The Christian soccer-mom book-banning witch isn’t impressed with Donnie’s mom’s lack of devotion to her daughter’s dance team thing, because oh no, she’s a stupid and annoying character, so she guilt-trips Donnie’s mom into chaperoning their field trip. Donnie and his sister have a big Halloween party, when Donnie realizes the world is supposed to end tonight. So he and Gretchen and some of his friends go to the abandoned house of Grandma Death, where they find the bullies waiting there for no reason. The bullies attack them, and Gretchen gets hit by a car even though she could have easily avoided it…and then the movie ends with a big time loop that sets everything back to the beginning of the movie all over again, except this time Donnie actually died when the engine fell through the roof. Oh wow, a time paradox?! I haven’t been this surprised since I found out fast food wasn’t good for you! Truly the minds behind this movie are FAAAAR beyond my puny comprehension to come up with something THIS intellectual! Yeah, it’s stupid and pretentious. But at least the movie’s over.
This movie had some interesting concepts and the directing itself wasn’t bad at all, but the way its themes and motifs were executed was just all wrong. This movie is incredibly preachy and condescending, which is ironic considering how much it rails against that kind of collectivist sheep-mentality. It’s built on the premise that this kid, Donnie, is debunking all the hypocritical and overly simplified thinking that the public school forces on everyone, but then the way it shoves Donnie’s free-thinking, liberal ideas down your throat CONSTANTLY, IN EVERY SINGLE SCENE, is just so annoying that it makes me want to reach through the screen and smack everyone.

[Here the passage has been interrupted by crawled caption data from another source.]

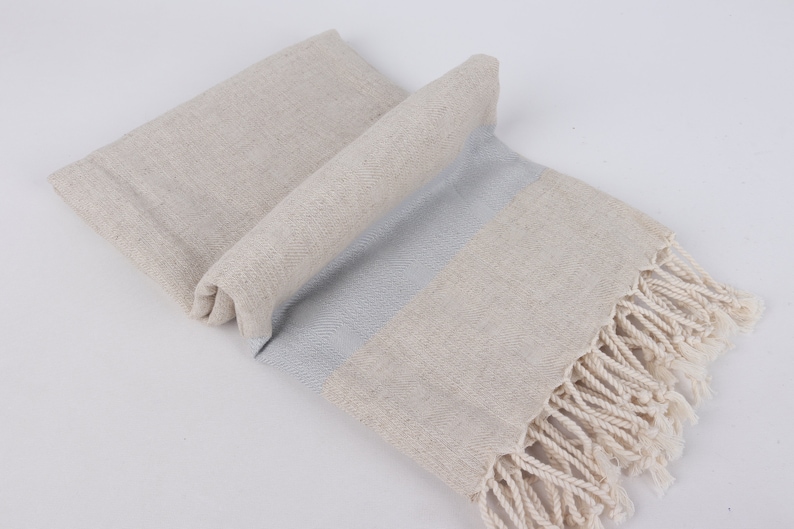 Personalized Wedding Gifts, Christmas Favors, Baby Blue Towel, Striped Towel, 36x71 Inches Linen Towel, Cute Beach Towel, image 6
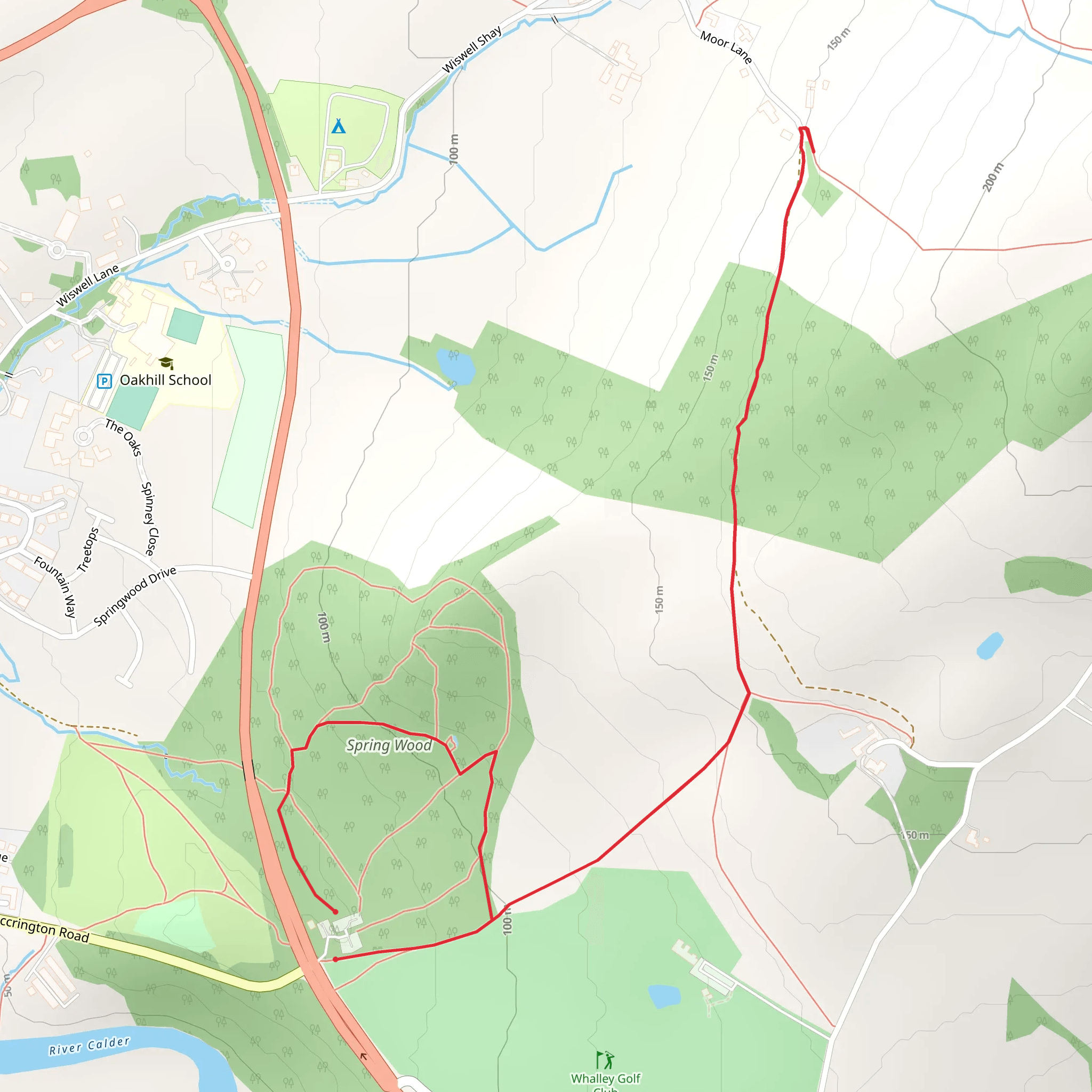 Spring Wood Whalley Loop mobile static map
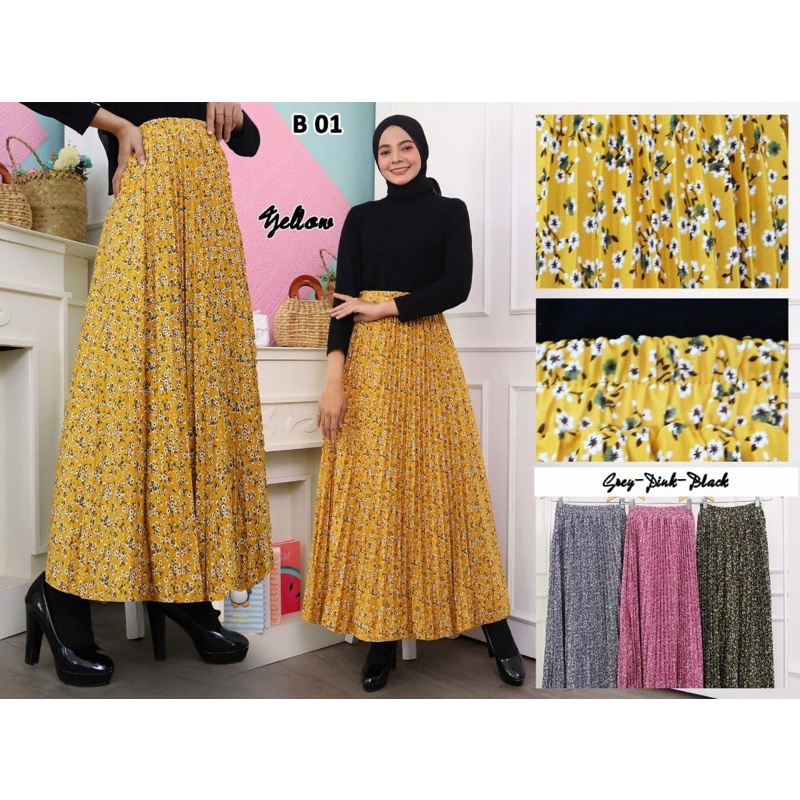 ROK PLISKET MOTIF OLIVE BAHAN HYGET PREMIUM // ROK MOTIF BUNGA OLIVE SIZE DEWASA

Not to mention the plot is ridiculously overcomplicated, the characters are all unlikable jerks, that stupid rabbit thing is just ugly as hell and the whole thing is specifically tailored to make young kids who don’t know any better feel smarter. This is not a good film, and I’m sorry this review hasn’t been as funny as some of my other ones, but really, what kinds of jokes am I supposed to make when every scene just has so many fundamental things wrong with it from a writing and ideological standpoint? There might not be any gaping plot holes or silly acting here, but don’t let that fool you: Donnie Darko is putrid, sappy, hipster crap and you shouldn’t ever watch it. Go, quickly! Run away!